India and South Africa have filed a formal objection against an investment agreement at a World Trade Organisation (WTO) meeting in Abu Dhabi, blocking its adoption in a move that observers say could block hundreds of billions of dollars in investment.
The deal agreed by some 125 countries, or about three-quarters of the WTO's members, aims to simplify red tape, improve the investment environment and encourage foreign direct investment.
But according to WTO rules, any of its 164 members can block a deal from being adopted by the body - a step which is necessary to ensure that countries are in compliance.
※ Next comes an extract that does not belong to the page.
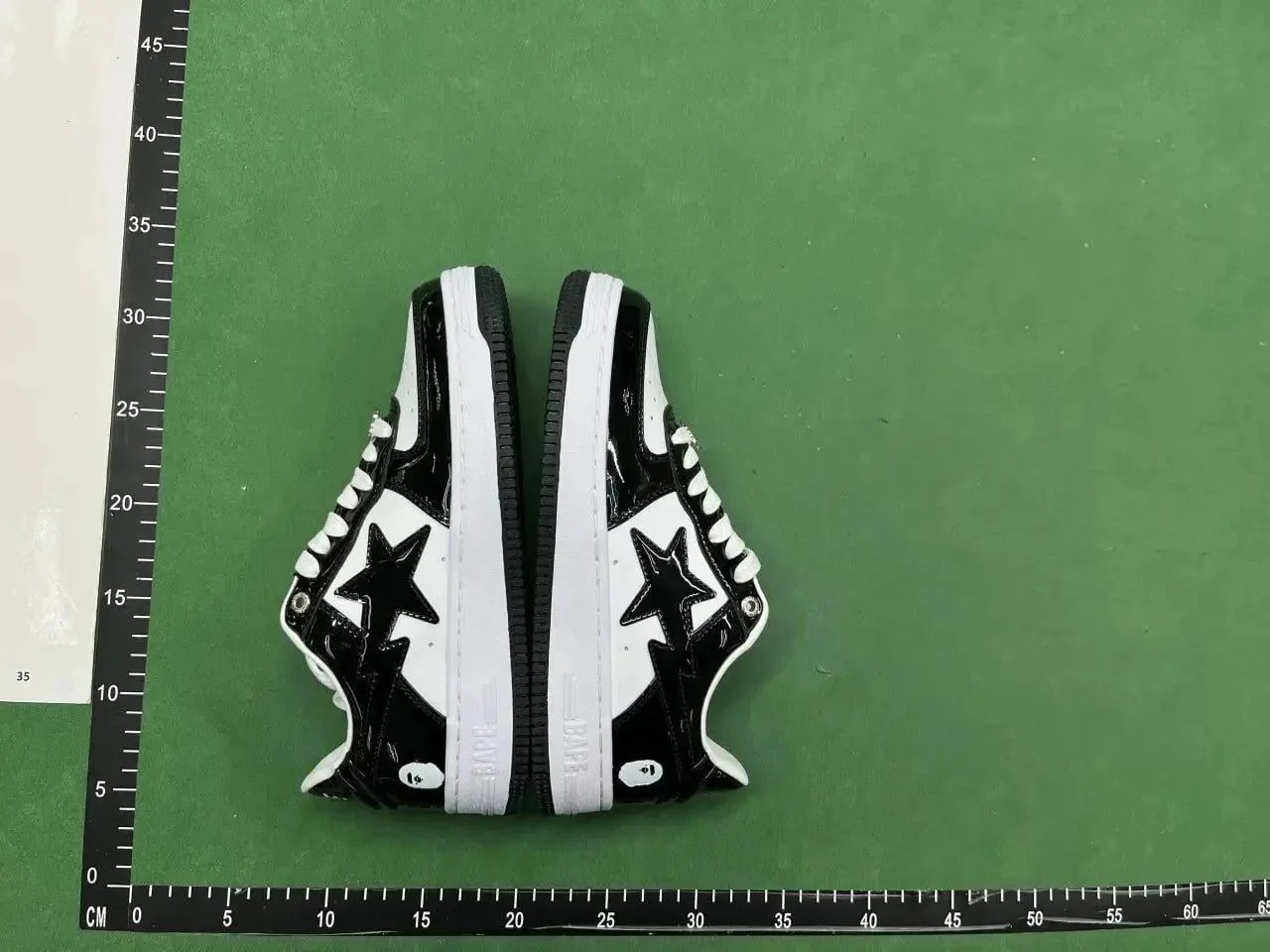 A Bathing Ape Bape collection 1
"We underscore that given the lack of exclusive consensus, this is not a matter for the...(meeting) agenda," a WTO document showed.
The Indian and South African delegations did not immediately comment publicly on the development.
Alan Yanovich, partner at Akin Gump Strauss, said the "deplorable" development would hurt the world's poorest countries the most.
The initiative known as the Investment Facilitation for Development (IFD) Agreement led by Chile and South Korea with China's strong support, could lead to between $200-$800 billion of improvements in global welfare, according to one study.
"Members have expressed a readiness to discuss this issue at the General Council in Geneva after (the ministerial conference)... And I would want to encourage them to do so," said Kerrie Symmonds, the facilitator for negotiations on developments at the meeting, and minister of foreign affairs and foreign trade of Barbados.
Four-day WTO talks to set new global trade rules on a broad range of topics including fishing and agriculture are due to wrap up on Thursday, although delegates said that little progress has so far been made, barring the formal accession of two new members to the body: East Timor and Comoros.
The US trade chief on Tuesday ruled out a deal on reforming the WTO dispute settlement system, hobbled for four years due to US objections.
A paragraph on climate change is confined to a WTO annex of the draft package of deals since members cannot agree.
"These are not small, easy to deal with issues, these are some of the big things that either distort trade or stop nations from being able to feed their own people," New Zealand's trade minister Todd McClay told Reuters.
"They are hard and they are challenging."